Lead ammunition continues to take a deadly toll on endangered California condors that live in and around the Grand Canyon. Seven of the 80 wild condors in Arizona and Utah have died since December; three of those deaths have been definitively linked to lead poisoning from ingesting spent lead ammunition fragments in carrion and lead poisoning is suspected in the other four deaths.
"The continuous deaths of Grand Canyon condors from lead poisoning is preventable if we finally treat toxic lead ammunition as we did lead paint and leaded gasoline," said Jeff Miller at the Center for Biological Diversity. "It's clear that voluntary efforts to reduce lead ammunition use around the Grand Canyon aren't getting the job done. Given the wide availability, lowered cost and high performance of lead-free ammo, these states should admit it's time to switch and require nontoxic rounds for hunting."
California condors, the biggest land birds in North America, are also the most endangered. Of the 166 condors reintroduced into Utah and Arizona since 1996, 81 have died or disappeared. When the cause of death could be determined, more than half were due to poisoning from ingesting lead ammunition fragments left in gut piles or carcasses of shot game. At least 38 condors have been killed by lead poisoning in Arizona and Utah, with more deaths suspected to be linked to lead. Lead poisoning recently killed the female of Utah's only breeding pair of condors. Each year, up to half of the wild Grand Canyon condors must be given life-saving, emergency blood treatment for lead poisoning.
"Lead is dangerous to people and wildlife, even at very low levels, which is why it is critical that we take mandatory actions to remove it from ammunition and require less toxic alternatives," said Sandy Bahr with the Sierra Club's Grand Canyon (Arizona) Chapter. "Requiring nonlead ammunition for hunting on public land would be an important step in limiting lead exposure for condors and other wildlife."
The Arizona Game and Fish Department conducts a voluntary lead-reduction program, distributing free, nonlead ammunition to hunters in the condor range and educating them about the hazards of lead. Though most eligible hunters use the free copper ammunition, continued use of toxic rounds by a small number of hunters and ongoing condor poisonings show that voluntary efforts are not enough to remove the lead threat.

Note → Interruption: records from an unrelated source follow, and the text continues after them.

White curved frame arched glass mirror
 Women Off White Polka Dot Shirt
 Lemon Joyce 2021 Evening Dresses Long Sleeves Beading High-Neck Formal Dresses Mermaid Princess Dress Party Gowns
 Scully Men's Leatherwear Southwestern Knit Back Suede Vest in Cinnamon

Since 2008 California has required nonlead ammunition for all hunting within the condors' range in central and Southern California. Hunters in these areas have transitioned to nonlead bullets, with no decrease in game tags or hunting since the regulations went into effect. The California state legislature is currently considering a bill that would extend the ban on lead in hunting ammunition throughout the state.

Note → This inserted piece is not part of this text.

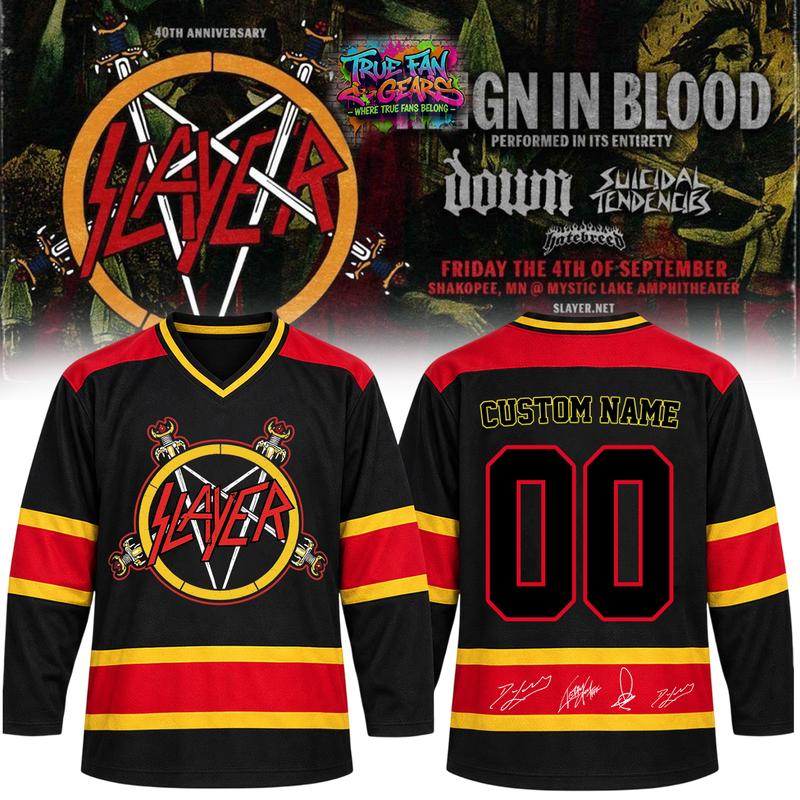 Slayer Reign in Blood 40th Anniversary Limited Edition Custom Hockey Jersey
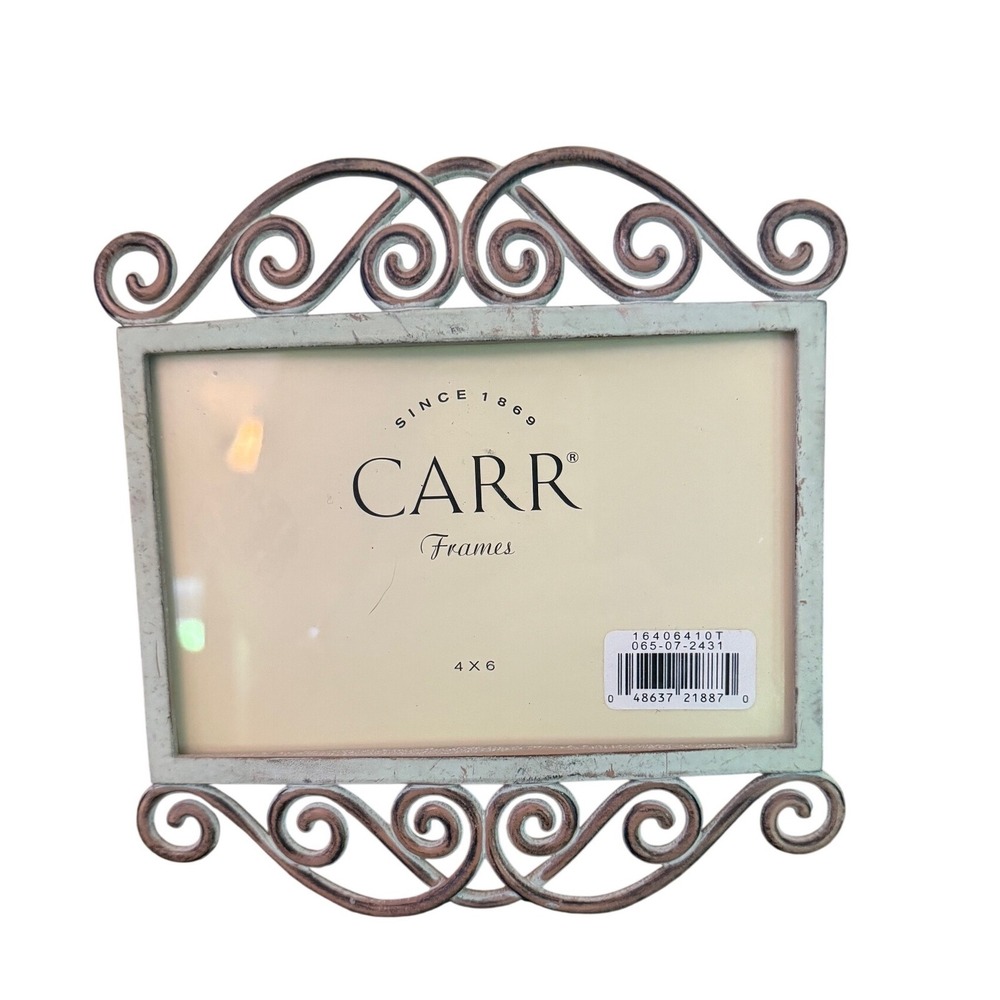 Carr Frames 4x6 Horizontal Metal Scroll Picture Frame Distressed Seafoam Green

Last month, 30 leading scientists, doctors and public-health experts from Harvard, Cornell, Rutgers and other major universities released a statement that lead hunting ammunition poses a serious danger to people and wildlife and ought to be phased out.
Lead is an extremely toxic substance that is dangerous to people and wildlife even at low levels. Lead exposure can cause a range of health effects, from acute poisoning and death to long-term problems such as reduced reproduction, inhibition of growth, and damage to neurological development.
Over the past 50 years, environmental lead has been significantly reduced or eliminated from other sources, such as gasoline and paint. Lead ammunition is likely the biggest, largely unregulated source of lead knowingly discharged into the environment in the United States. Millions of nontarget birds and other wildlife are poisoned each year from scavenging carcasses containing lead-bullet fragments or from ingesting spent lead-shot pellets, mistaking them for food or grit.
Spent ammunition causes lead poisoning in 130 species of birds and animals. Nearly 500 scientific papers document the dangers to wildlife from this lead exposure. The U.S. Fish and Wildlife Service calculates that, despite the federal ban in 1991 on lead shot for waterfowl hunting, more than 14,000 tons of toxic lead shot continue to be deposited in the environment each year in the United States by upland bird hunting alone.
Studies using radiographs show that lead ammunition leaves fragments and numerous imperceptible, dust-sized particles that contaminate game meat far from a bullet track, causing significant health risks to people eating wild game. Some state health agencies have had to recall venison donated to feed the hungry because of dangerous lead contamination from bullet fragments.
Lead poisoning of condors, eagles and other wildlife is avoidable since reliable nonlead bullets are available in all calibers used for big-game hunting, with superior ballistics, accuracy and safety. A recent study debunks claims that price and availability of nonlead ammunition could preclude switching to nonlead rounds for hunting. Researchers found no major difference in the retail price of equivalent lead-free and lead-core ammunition for most popular calibers.
A recent national poll found that 57 percent of Americans support requiring the use of nontoxic bullets for hunting. The poll also found that more Americans support a ban on lead ammunition than oppose it and that a majority of voters think Republicans in Congress should work with Democrats to ban lead in ammunition. A coalition of 268 organizations from 40 states has called on the Environmental Protection Agency for nationwide regulations ending the use of toxic lead ammunition.